Mack lives and breathes the California country legacy with an intimately familiar encylopedic zeal that, at this late date, very few others can match. It’s a hard-earned trove of cultural lore amassed over the better part of fifty years spent toiling in the Golden State’s honky tonks and beer joints, a pursuit as much punishment as it was pleasure, and he’s got the scars to show for it.
“I did work for decades in really bad places, like Pixie’s in Sun Valley on Foothill Boulevard,” he said. “It was hardcore, just awful, the dance floor was more for fights than dancing! I’d usually end up just playing for the bartender and when people were there they’d be yelling ‘Shut up, go home! We’ll listen to the jukebox.’ I was just doing it for my own enjoyment.”
Revered as the history making ring master of his long-running Ronnie Mack’s Barn Dance roots music showcase, distinguished by his actions with the late 70s Rollin’ Rock records crew and characterized by inexhaustible drive and immeasurable repertoire, Mack knows the American pop vernacular inside out. Yet Mack, bleakly self-deprecating to the point of squirm, frequently seems incapable of understanding his own cultural significance, serially painting himself as a musical failure when in fact his legacy and influence in Southern California eclipses that of almost any of the Barn Dance’s innumerable headliners—which he booked for nearly thirty years.

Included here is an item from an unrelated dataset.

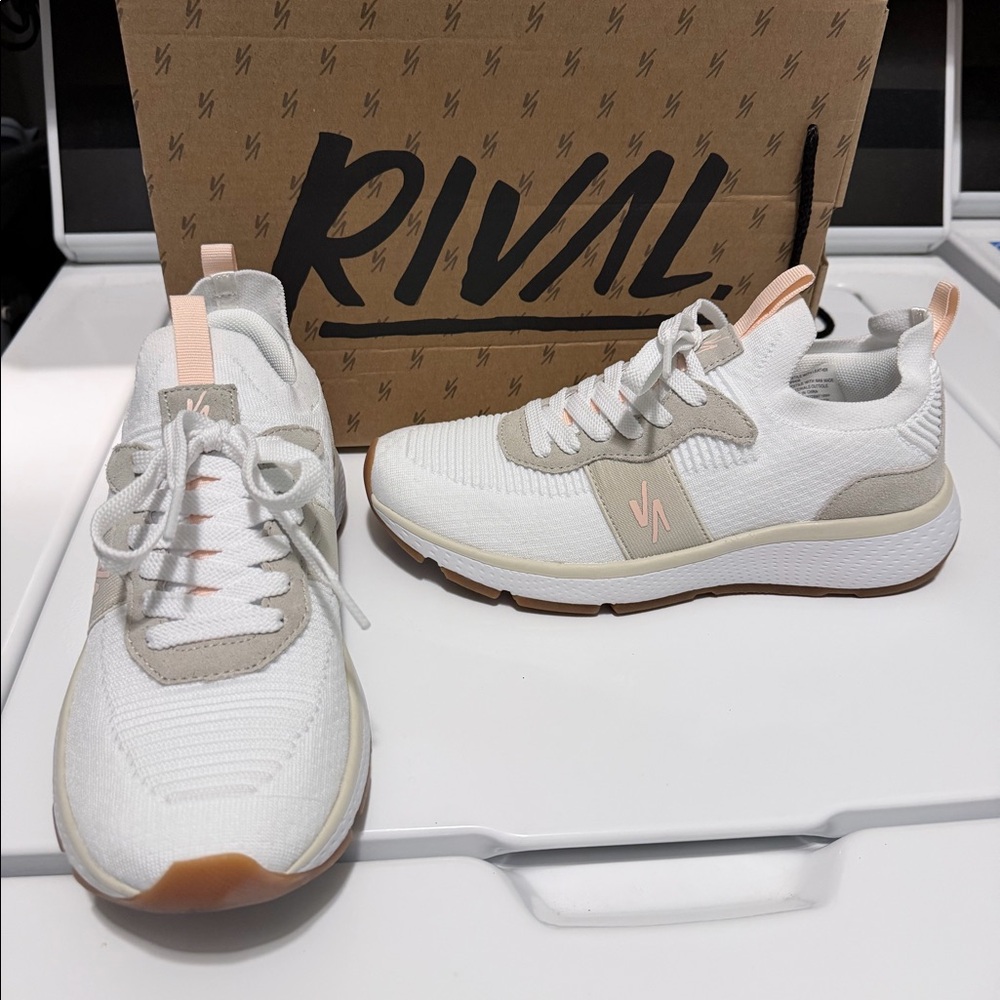 Women’s rival tennis shoe. White, light tan, and a little pale pink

He arrived in Los Angeles from hometown Baltimore in the mid-70s and began performing everywhere he could.
“I was playing bars, American Legions, VFW halls, just doing everything, country, oldies, cover tunes,” he said. “I used to bug [Palomino owner] Tommy Thomas like you wouldn’t believe. I’d call him all the time, he’d say ‘come up, we’ll talk’ but I never got a show, he’d always have a ‘come back on Friday,’ and he put me through that for six months. I did see a lot of great shows, Kinky Friedman, Asleep at Wheel, everyone played there.”
“Tommy finally says ‘I got Dennis Colt [the ‘King of Elvis impersonators’ and a Pal staple] coming in and you kind of look like Ricky Nelson so why don’t you go up and open for him?’ I wouldn’t be a Ricky impersonator but I did do a few Ricky songs, and it was packed, both Friday and Saturdays nights. I used the house band, I think Jerry Cole was in it. Those were my first real shows at the Pal and the Ricky thing kind of put it out there so people at least people knew who I was.”
“Tommy finally gave me a date, says ‘This your big night,’ and he tells ‘People are asking why Ronnie Mack and not me? Why? Because Ronnie Mack calls me up and bugs me every day!’”
It was April 1978 and Mack quickly fell in with Palomino regulars Ray Campi and his Rockabilly Rebels. Campi was a Texas trailblazer who took part in the mid-1950s big bang and Mack became part of the Rollin’ Rock Records crew, a mix of young upstarts and old school veteranos like Campi, Tony ‘Wildman’ Conn, Jackie Lee Waukeen Cochran. They became his West Coast family. Everything changed.
“Ray Campi was the godfather, he’d been playing since the 50s and now he was playing the Starwood and Madam Wong’s,” he said. “He was looked at with respect, he’d been doing it all along, but he wasn’t part of the new rockabilly scene which was just starting in LA. Levi & the Rockats were the big thing, really young guys, and I formed Ronnie Mack & the Black Slacks, doing rockabilly only.”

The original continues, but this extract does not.